Edited by Howard Louthan and Graeme Murdock
A Companion to the Reformation in Central Europe
A Companion to the Reformation in Central Europe analyses the diverse Christian cultures of the Polish-Lithuanian Commonwealth, the Czech lands, Austria, and lands of the Hungarian kingdom between the 15th and 18th centuries. It establishes the geography of Reformation movements across this region, and then considers different movements of reform and the role played by Protestant, Catholic, and Orthodox clergy.
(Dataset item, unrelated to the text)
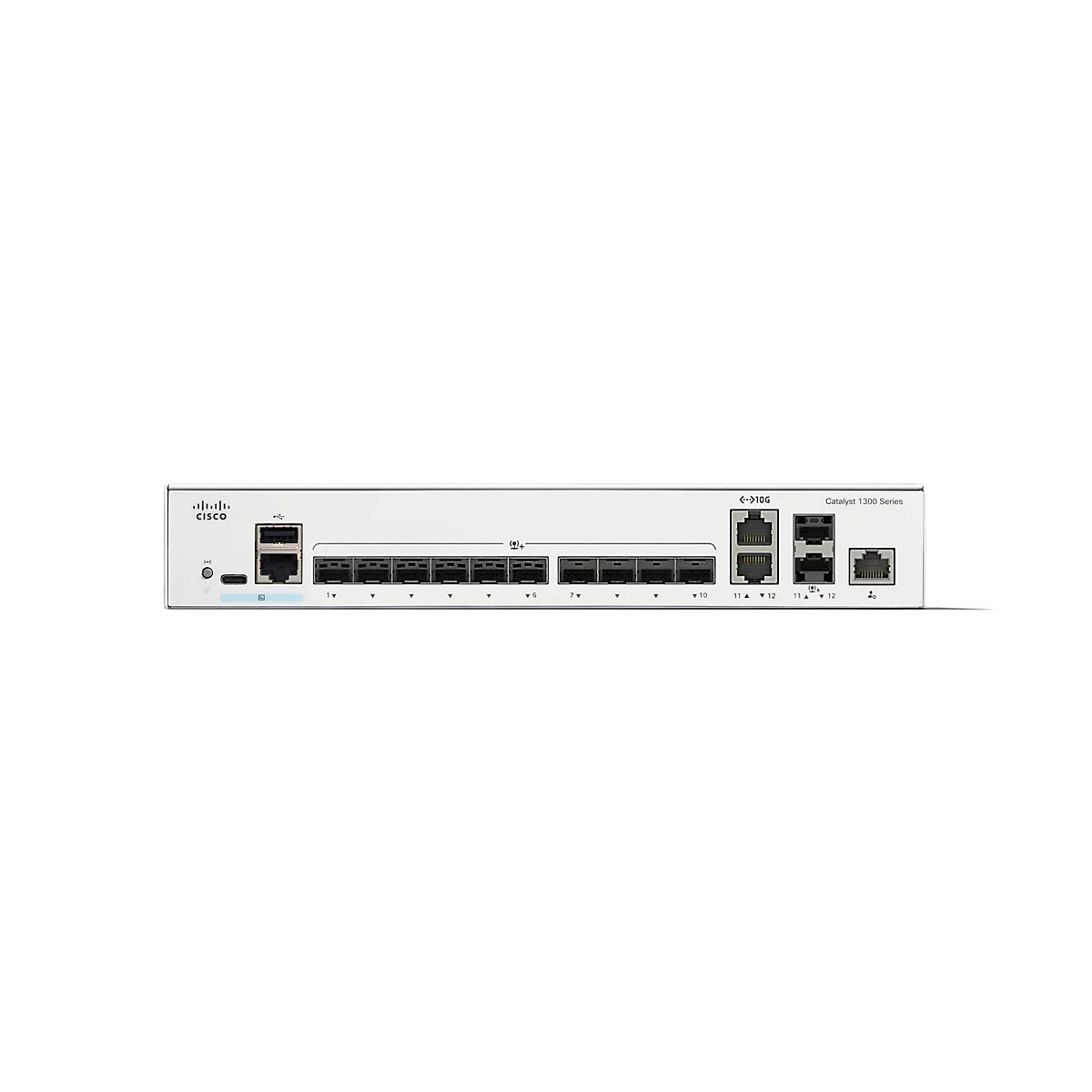 Ein weißes Netzwerkgerät, Cisco Catalyst 1300 Series. Es hat mehrere Ports, Anschlüsse und Anzeigen.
This volume examines different contexts and social settings for reform movements, and investigates how cities, princely courts, universities, schools, books, and images helped spread ideas about reform. This volume brings together expertise on diverse lands and churches to provide the first integrated account of religious life in Central Europe during the early modern period.
Contributors are: Phillip Haberkern, Maciej Ptaszyński, Astrid von Schlachta, Márta Fata, Natalia Nowakowska, Luka Ilić, Michael Springer, Edit Szegedi, Mihály Balázs, Rona Johnston Gordon, Howard Louthan, Tadhg Ó hAnnracháin, Liudmyla Sharipova, Alexander Schunka, Rudolf Schlögl, Václav Bůžek, Mark Hengerer, Michael Tworek, Pál Ács, Maria Crăciun, Grażyna Jurkowlaniec, Laura Lisy-Wagner, and Graeme Murdock.
Graeme Murdock, D.Phil. (1996), University of Oxford, is Associate Professor of European History at Trinity College Dublin. His publications on Central European history include Calvinism on the Frontier: International Calvinism and the Reformed Church of Hungary and Transylvania (Oxford, 2000).
Howard Louthan, Ph.D. (1994), Princeton University, is Professor of History and Director of the Center for Austrian Studies at the University of Minnesota. His publications include The Quest for Compromise: Peacemakers in Counter-Reformation Vienna (Cambridge, 2006) and Converting Bohemia: Force and Persuasion in the Catholic Reformation (Cambridge, 2011).